On Saturday, July 11, 2015, a mysterious explosion at Galilee's Salty Brine State Beach injured two people. This explosion was suspected to be caused by a reaction between an abandoned copper cable located under the sand and an unusually large quantity of hydrogen in that location. Local residents described the sound as similar to the explosion of a grenade. One individual was thrown over 10 feet away by the blast, resulting in two fractured ribs among other lesser injuries.

On Tuesday, March 14, 2017, a 100-foot tall wind turbine located in Galilee Rhode Island was toppled over by an intense winter storm. Strong winds snapped the turbines supporting metal structure in half. Along with the snow, strong winds, and toppled wind turbine, many of the households in Galilee suffered from a loss of power due to this storm. The turbine was reported to have toppled around 11:00 am. Shortly after, around noon, the town's loss of power followed.

==Attractions==
Today Galilee remains home to the largest fishing fleet in Rhode Island with commercial fishermen and lobstermen as well as deep sea fish cruises. Due to the high volume of fishermen, it is often easy to find fresh lobster and fish to purchase off the dock directly from boats, as well as in shops and restaurants. There are over 10 seafood restaurants in the village of Galilee and there is also access to the Salty Brine State Beach. This beach, along with Roger Wheeler State Beach and Scarborough State Beach, span the coast of Galilee and are divided up by private beaches, beach clubs, and fishing docks.
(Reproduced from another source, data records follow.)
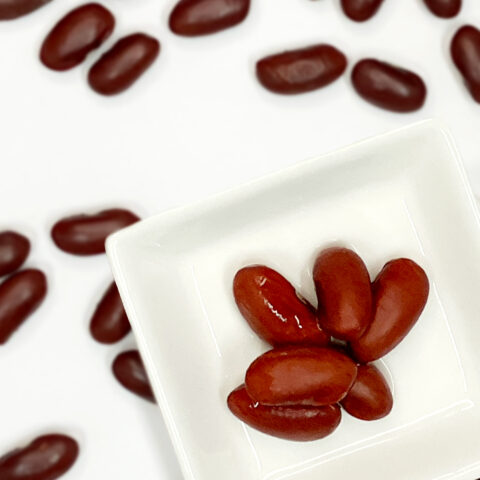 赤いんげん豆 Red kidney beans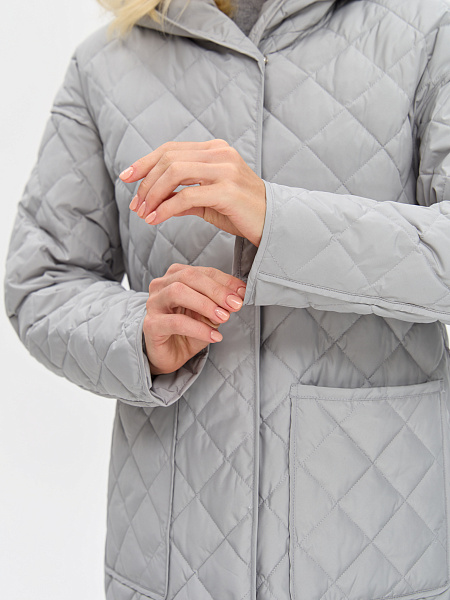 Куртка LAWINTER  модель 84204, цвет Серо-голубой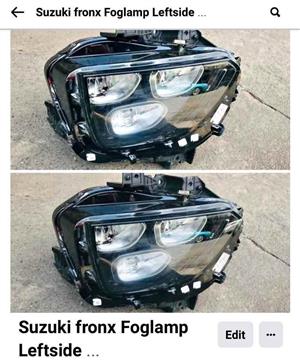 Suzuki fronx headlight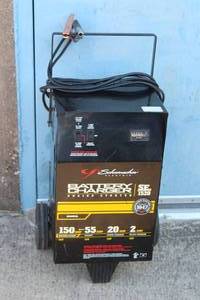 lot 228 image: SCHUMACKER BATTERY CHARGER ENGINE STARTER&nbsp SE1520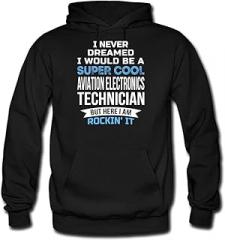 Shirt Luv Funny Aviation Electronics Technician Hoodie Gifts Appreciation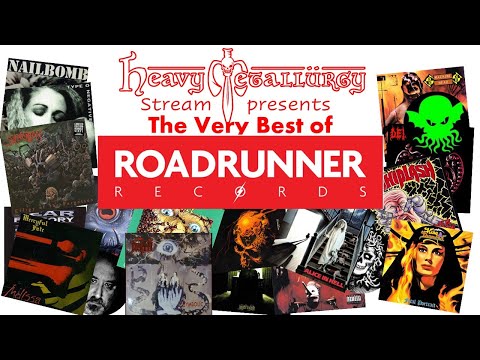Heavy Metallurgy Presents: The Very Best of Roadrunner Records W/ Brian Arkham!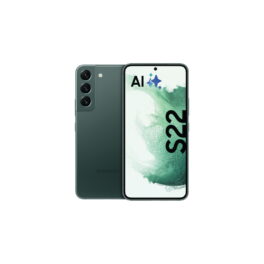 SAMSUNG GALS22 6.1P/5G/8N/8+128GB/GR, Verde, Móvil Android, 128 GB, 8 GB RAM, 6,1 ' Dynamic AMOLED 2X, Gorilla Glass 7, 120 Hz, Samsung Exynos, 2200, 3700 mAh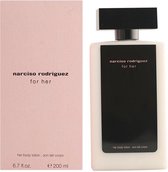 Narciso Rodriguez For Her lotion corporelle 200 ml Femmes Hydratant, Adoucissant
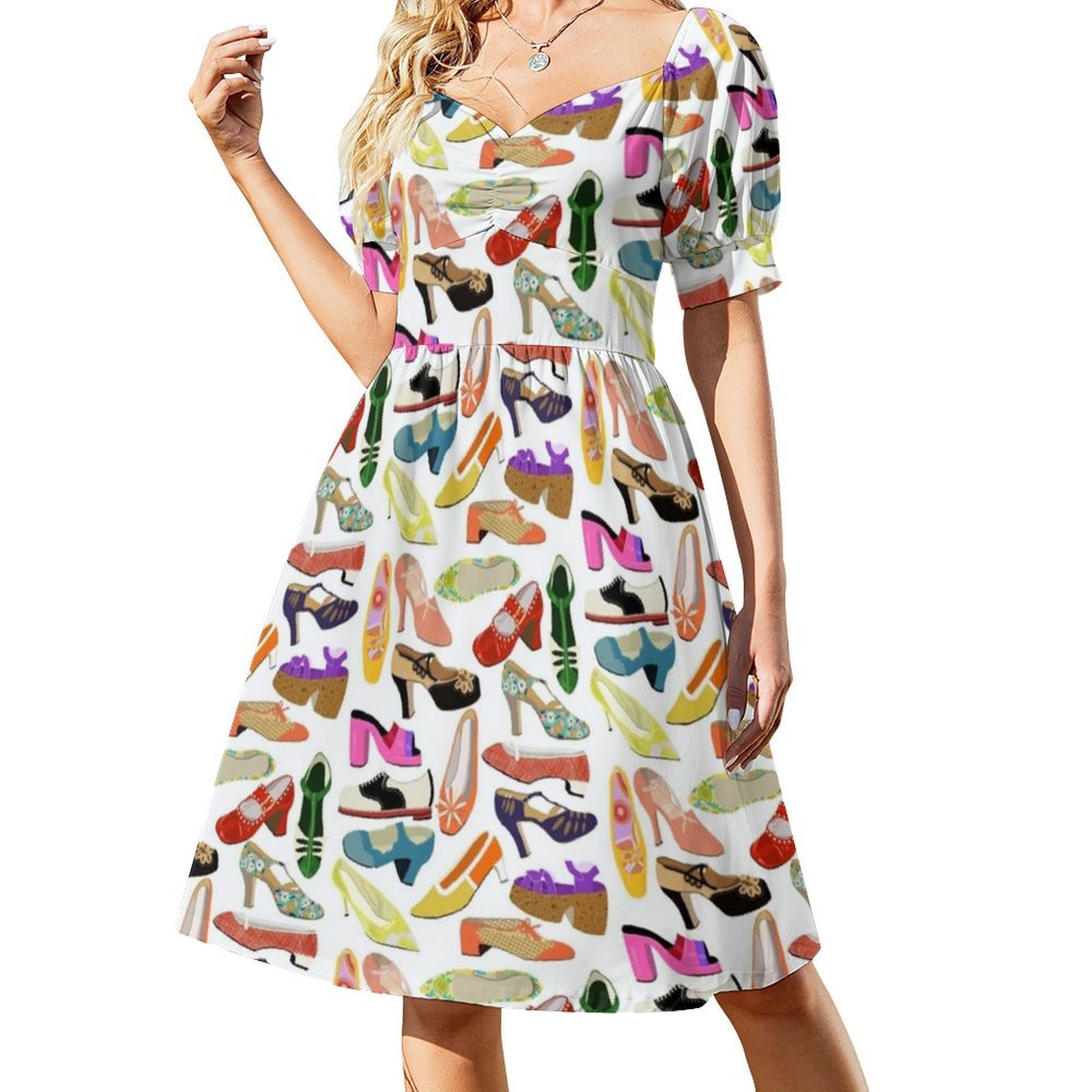 Colección de zapatos Vintage,  - Smocked Dress Women reseña y precio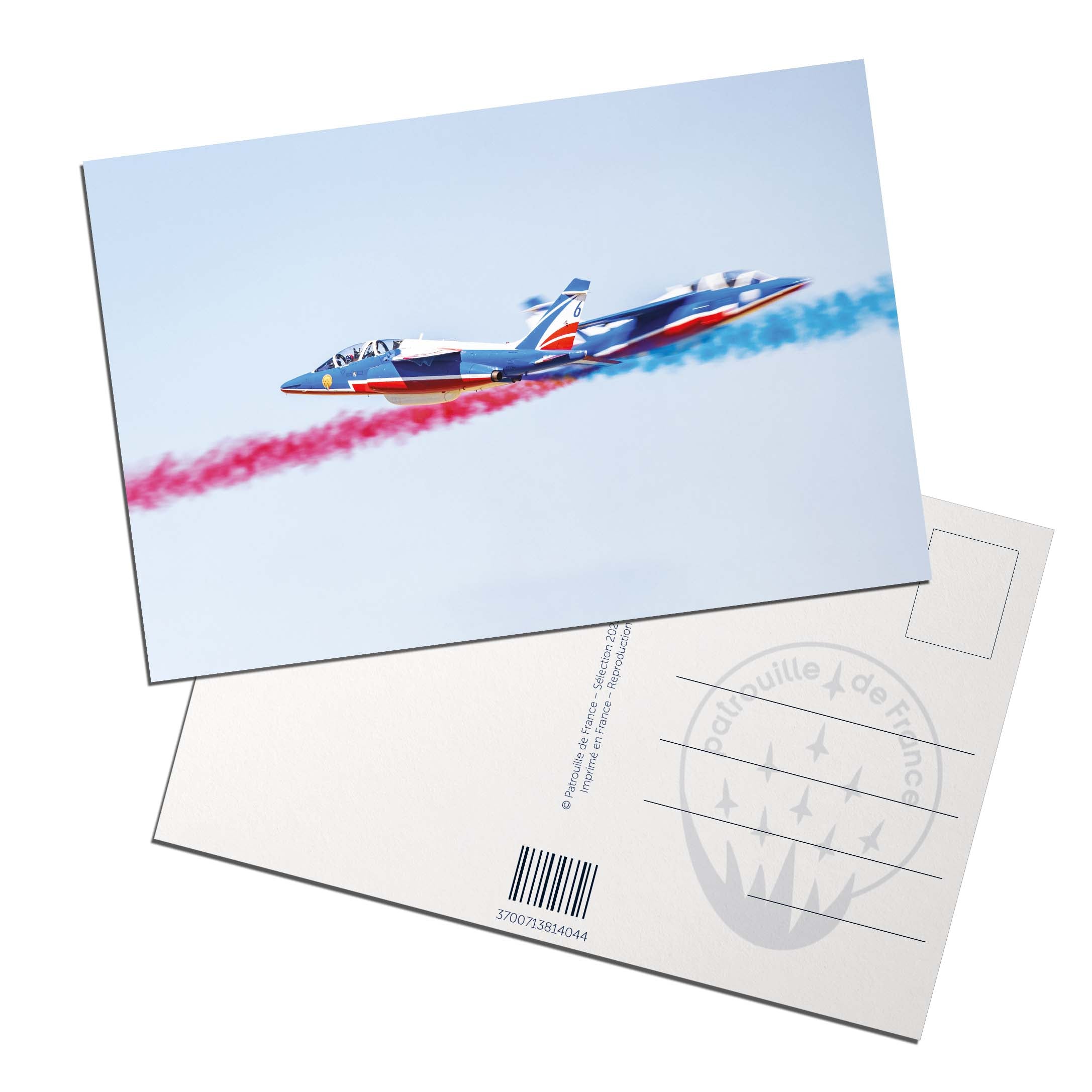 Postcard Patrouille de France - May 2023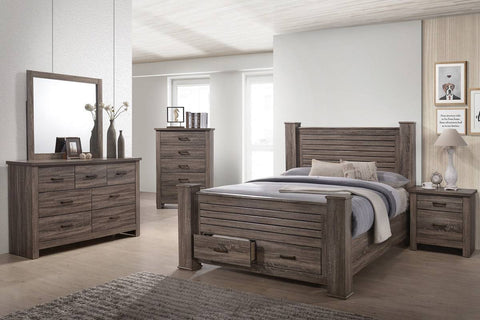 Queen Bed Model F9575Q By Poundex Furniture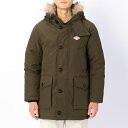 【DANTON】ファー付きダウンコート MEN/ビショップ(メンズ)(Bshop)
Kayaking, fishing, and sight-seeing are some of the most common activities to do at the beaches in Galilee, with not only whales but gray seals, harp seals, and hooded seals frequently spotted around the area. Other popular places in the port of Galilee to visit include the 100-foot tall wind turbine, the Point Judith lighthouse and Fisherman's Memorial State Park.

The Block Island Ferry operates out of Galilee, going back and forth over 13 miles between Block Island and Galilee in under an hour.